ACTIVITY: Repeat the listing below word for word, minus the pictures.

RECORDED INFORMATION:
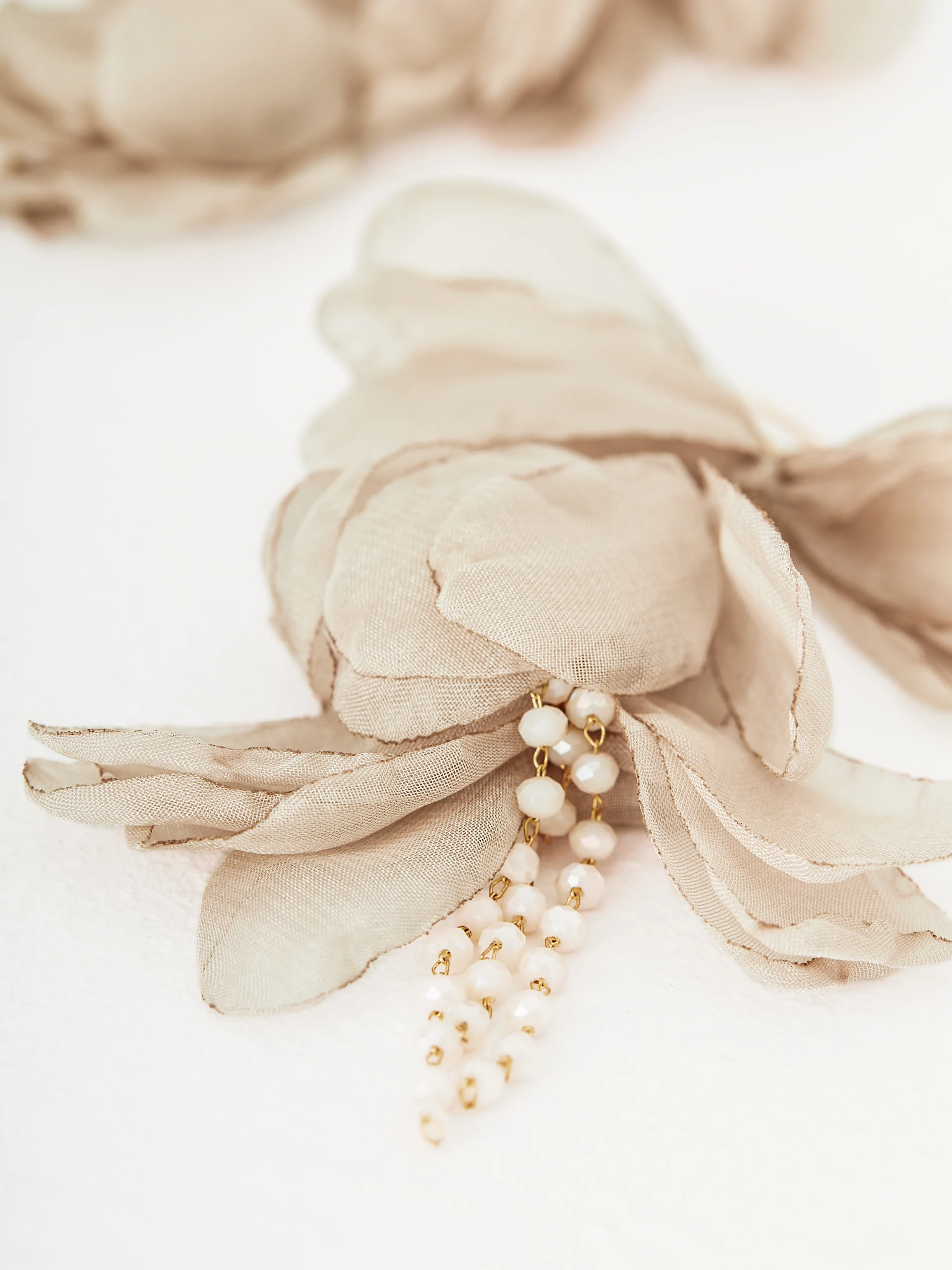 Earrings decorated with flowers and crystals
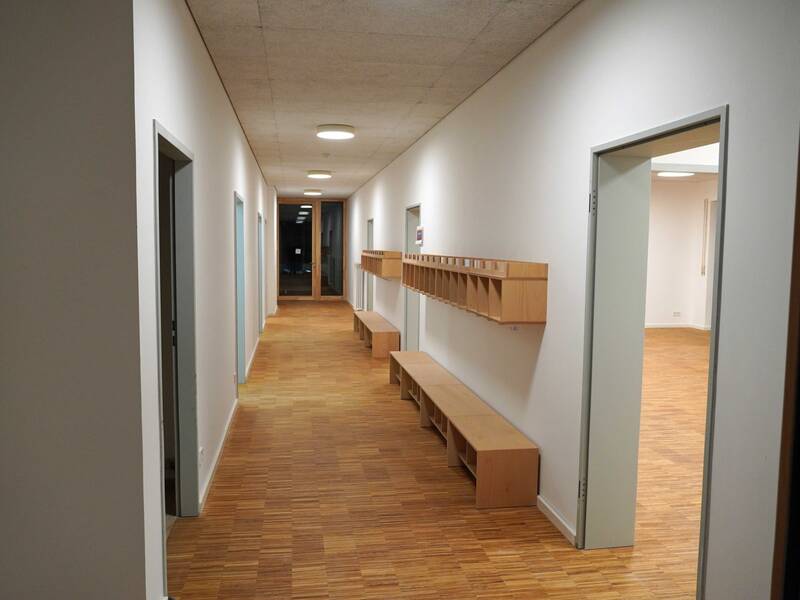 Ein langer, gut beleuchteter Flur mit Holzböden, offenen Türen zu beiden Seiten sowie Holzbänken und Fächern an der Wand.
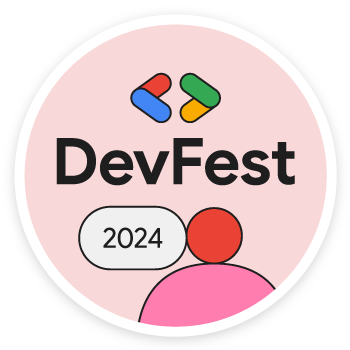 วงกลมสีชมพูที่มีเส้นขอบสีขาว ภายในมีไอคอนรูปคนสีแดง ข้อความ &quot;DevFest 2024&quot; และโลโก้นักพัฒนาซอฟต์แวร์ Google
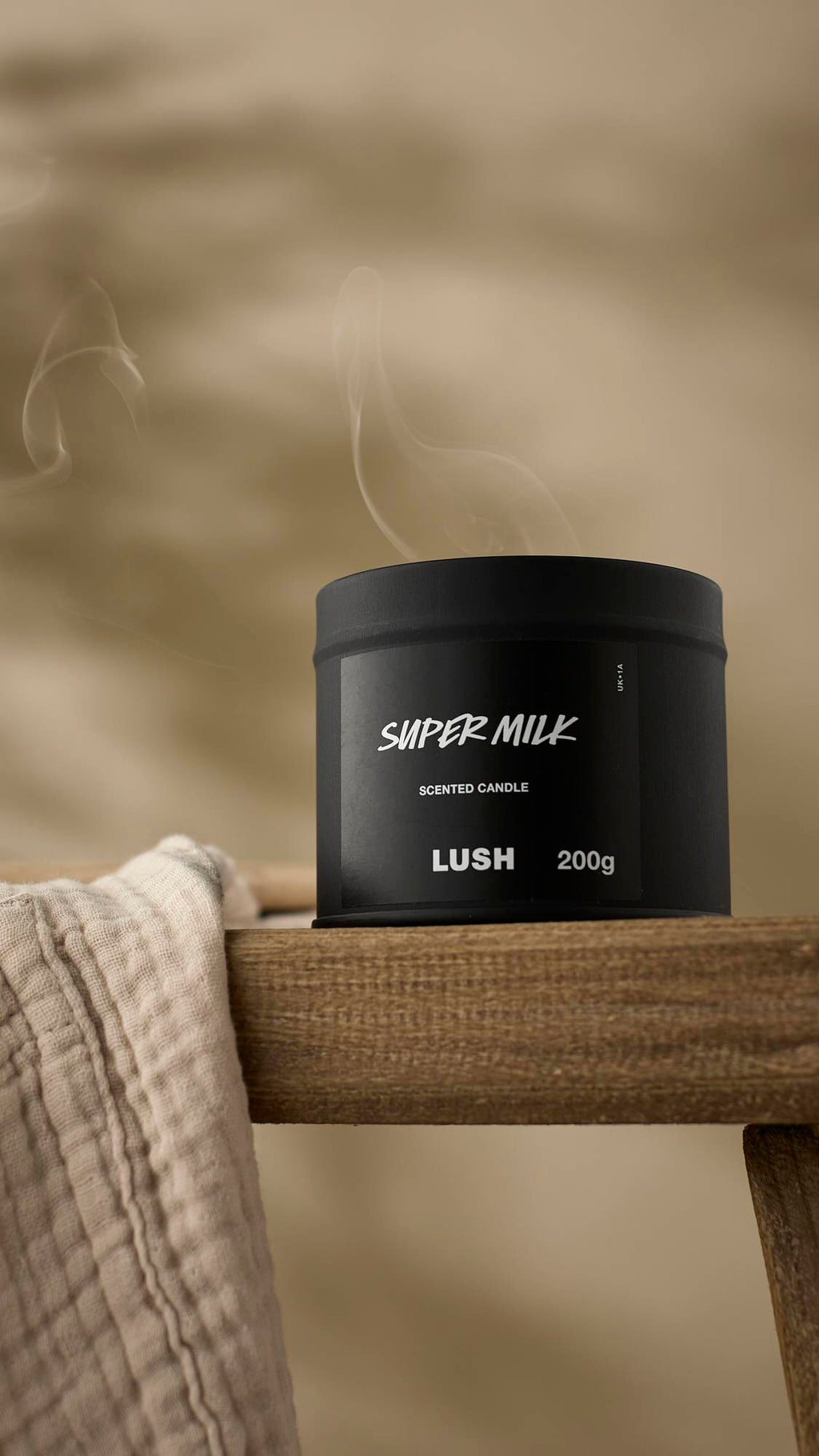 The matte black Super Milk Scented Candle is shown with its lid on, sitting on the edge of a rustic wooden frame or stool. A wisp of white smoke rises from the tin, and a light-coloured, textured cloth hangs in the foreground.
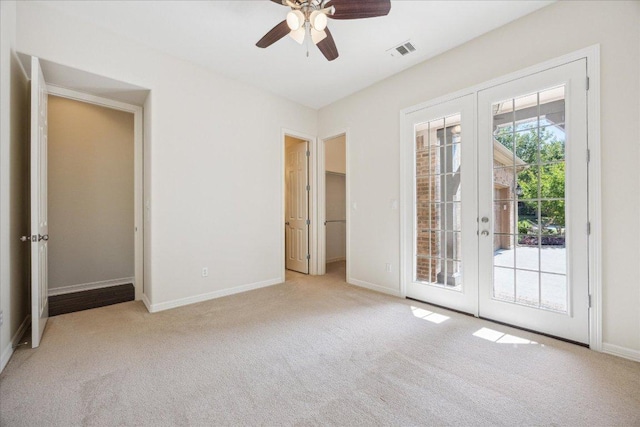 331 Littleton Dr, Austin, TX 78737 - unfurnished bedroom with french doors, carpet flooring, access to exterior, and baseboards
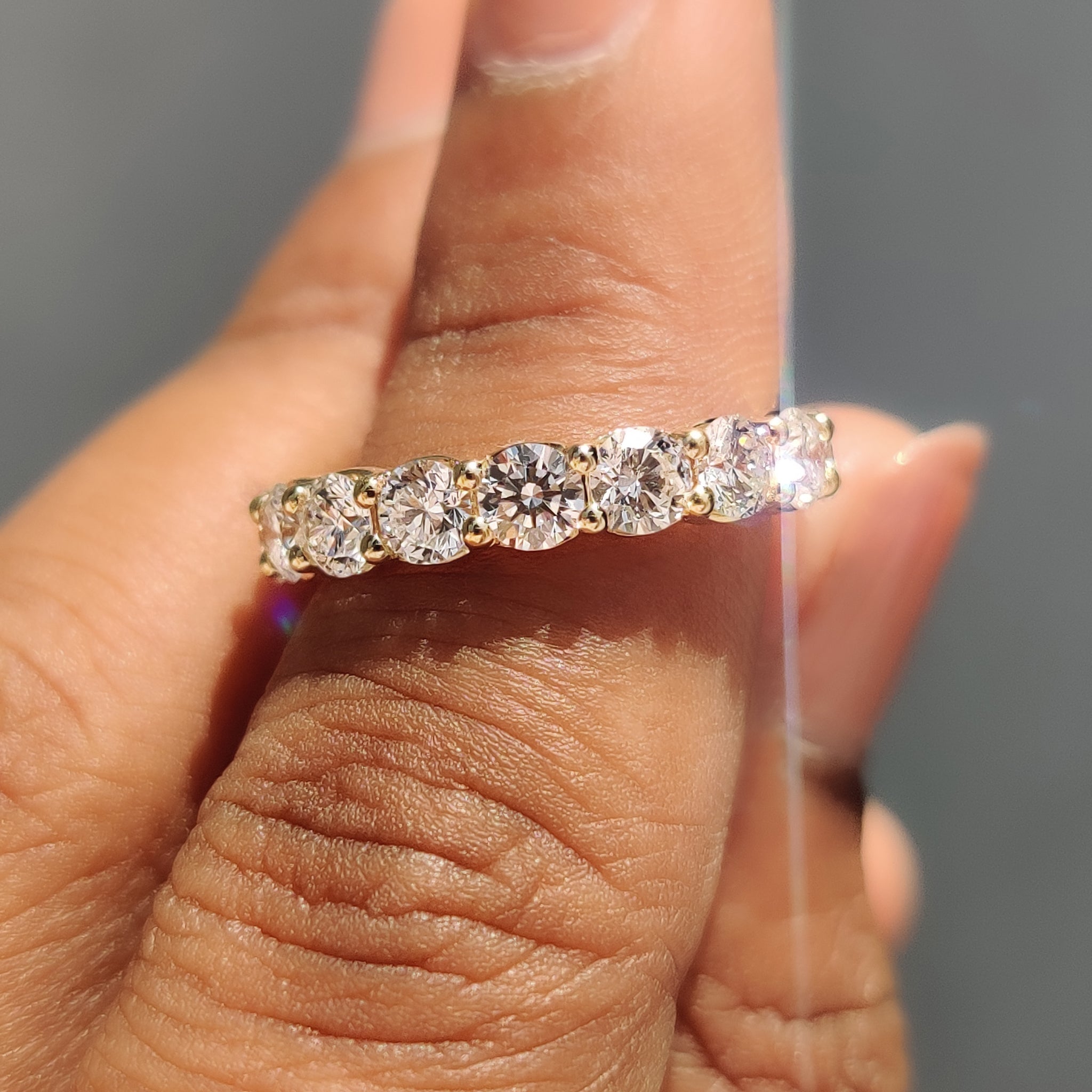 Prong set round diamonds in a handmade wedding band.
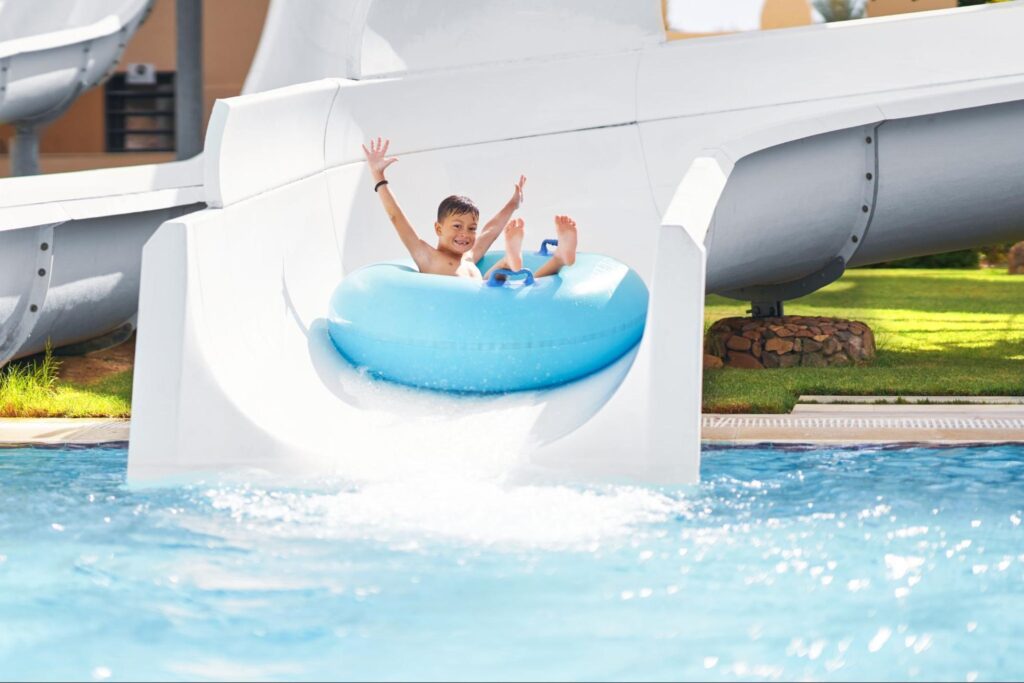 Two children on a blue inflatable raft exit a white water slide, splashing into a pool with their arms raised—perfect for indoor fun and birthday party ideas for kids in New Jersey.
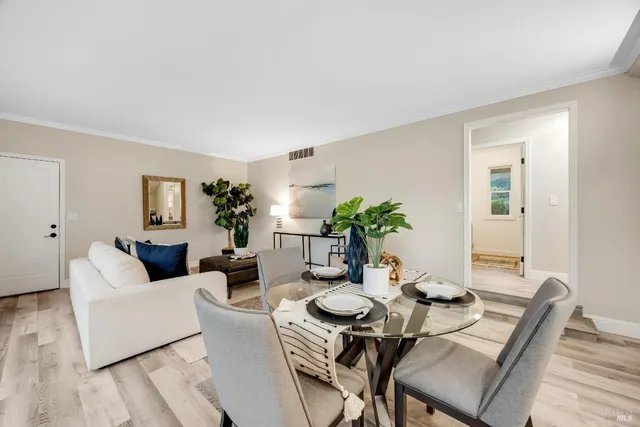a bathroom with a double vanity sink a mirror and shower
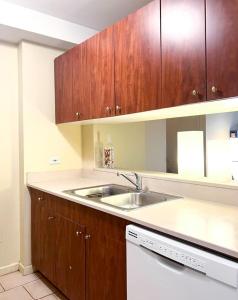 una cocina con fregadero y armarios de madera en Gorgeous 2 Bedroom apartment in NYC! en Nueva York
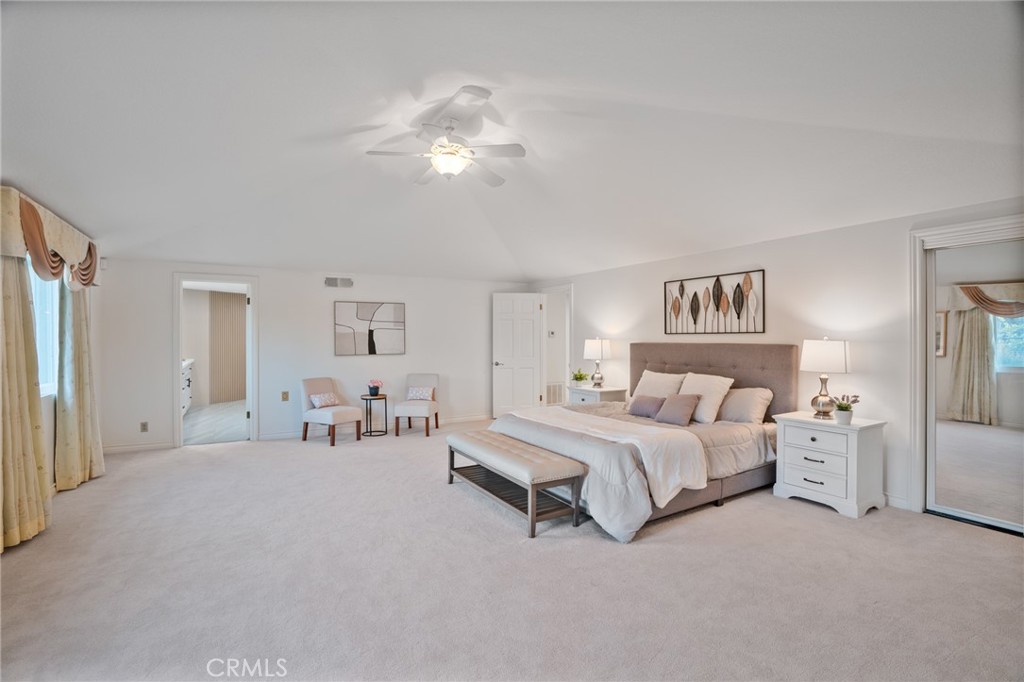 1136 Columbia Road Arcadia, CA 91007 - Photo 44 of 50 a spacious bedroom with a bed and a chandelier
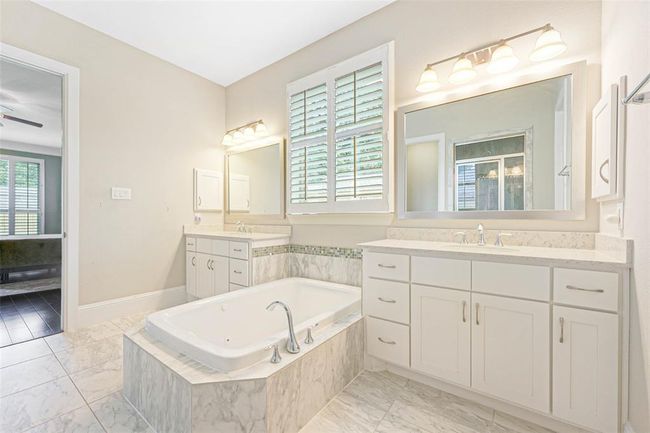 Neutral tones and ample natural light make this space feel open and serene—ready for a personal touch or spa-inspired upgrades. | Image 29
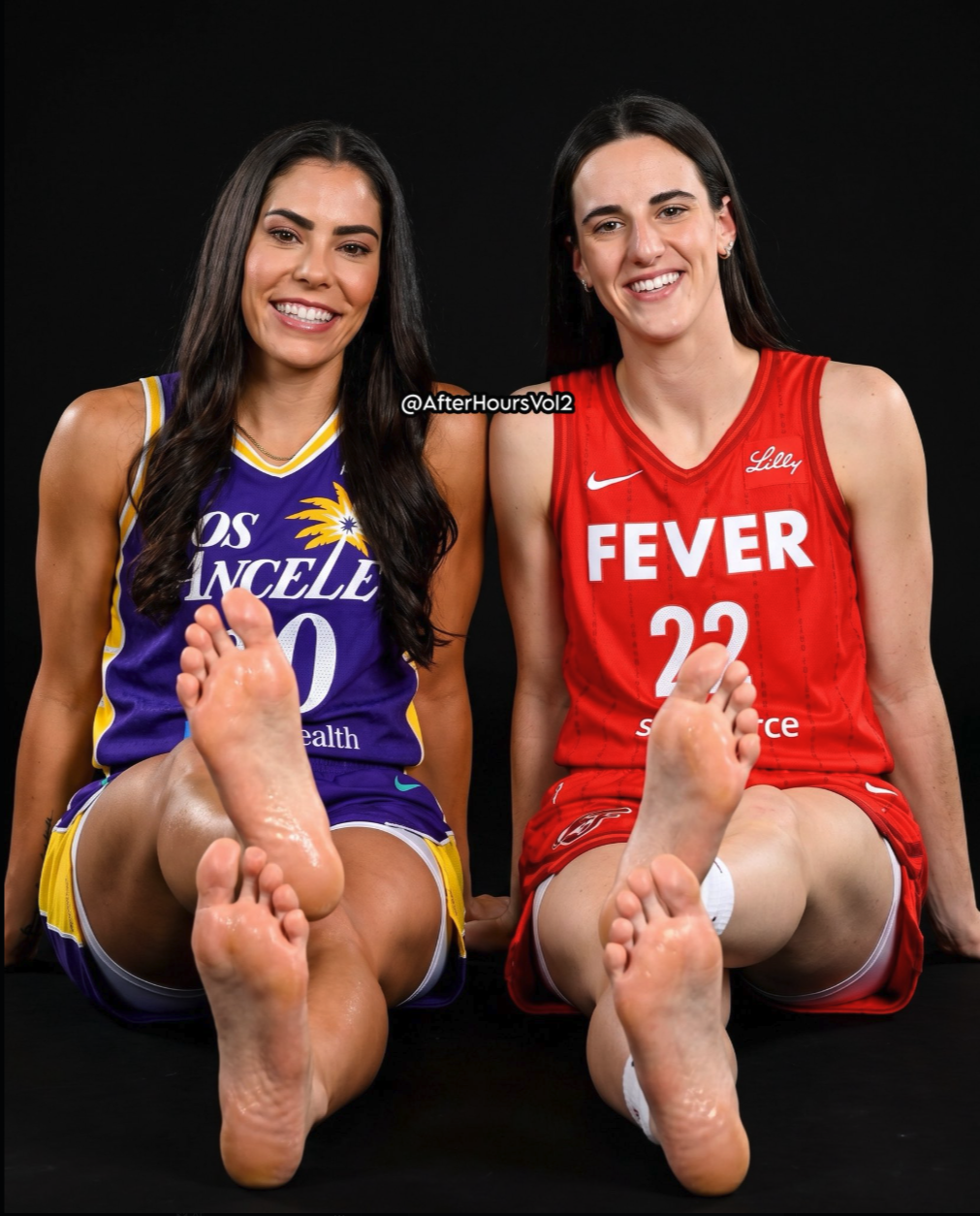 Two women resembling Kelsey Plum and Caitlin Clark in Los Angeles Sparks and Indiana Fever jerseys, seated with bare feet extended toward the camera.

EXERCISE SOLUTION:
 Earrings decorated with flowers and crystals
 Ein langer, gut beleuchteter Flur mit Holzböden, offenen Türen zu beiden Seiten sowie Holzbänken und Fächern an der Wand.
 วงกลมสีชมพูที่มีเส้นขอบสีขาว ภายในมีไอคอนรูปคนสีแดง ข้อความ &quot;DevFest 2024&quot; และโลโก้นักพัฒนาซอฟต์แวร์ Google
 The matte black Super Milk Scented Candle is shown with its lid on, sitting on the edge of a rustic wooden frame or stool. A wisp of white smoke rises from the tin, and a light-coloured, textured cloth hangs in the foreground.
 331 Littleton Dr, Austin, TX 78737 - unfurnished bedroom with french doors, carpet flooring, access to exterior, and baseboards
 Prong set round diamonds in a handmade wedding band.
 Two children on a blue inflatable raft exit a white water slide, splashing into a pool with their arms raised—perfect for indoor fun and birthday party ideas for kids in New Jersey.
a bathroom with a double vanity sink a mirror and shower
 una cocina con fregadero y armarios de madera en Gorgeous 2 Bedroom apartment in NYC! en Nueva York
 1136 Columbia Road Arcadia, CA 91007 - Photo 44 of 50 a spacious bedroom with a bed and a chandelier
 Neutral tones and ample natural light make this space feel open and serene—ready for a personal touch or spa-inspired upgrades. | Image 29
 Two women resembling Kelsey Plum and Caitlin Clark in Los Angeles Sparks and Indiana Fever jerseys, seated with bare feet extended toward the camera.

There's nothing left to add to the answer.